### [INFORMATION SUPPLIED]

====

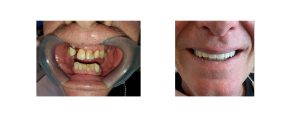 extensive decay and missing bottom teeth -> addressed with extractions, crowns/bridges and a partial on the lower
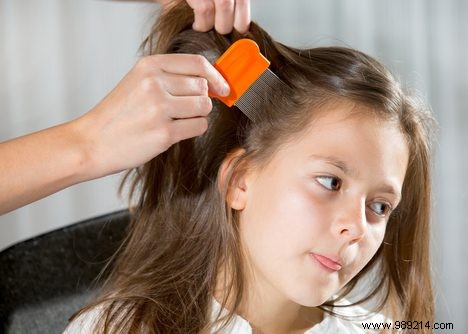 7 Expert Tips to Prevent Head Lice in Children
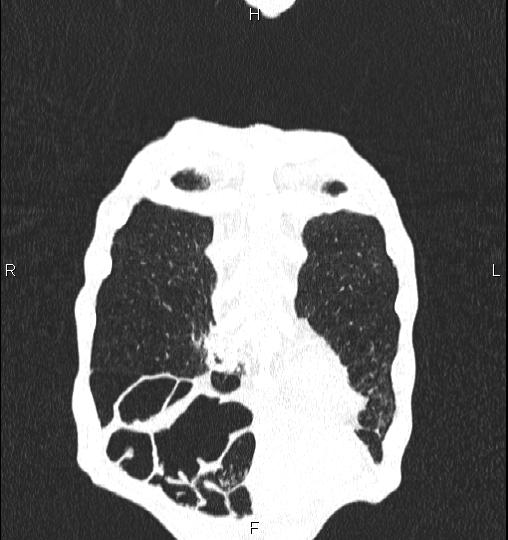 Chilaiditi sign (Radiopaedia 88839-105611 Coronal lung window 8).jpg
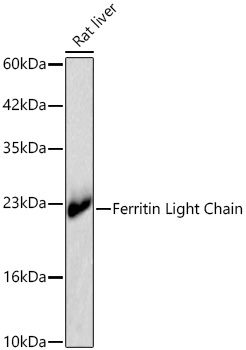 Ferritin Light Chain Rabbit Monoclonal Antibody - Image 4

====

### [TASK OBJECTIVE]
Line by line, reproduce the material above exactly, leaving each picture out.

### [ANSWER TO THE EXERCISE]
 extensive decay and missing bottom teeth -> addressed with extractions, crowns/bridges and a partial on the lower
 7 Expert Tips to Prevent Head Lice in Children
 Chilaiditi sign (Radiopaedia 88839-105611 Coronal lung window 8).jpg
 Ferritin Light Chain Rabbit Monoclonal Antibody - Image 4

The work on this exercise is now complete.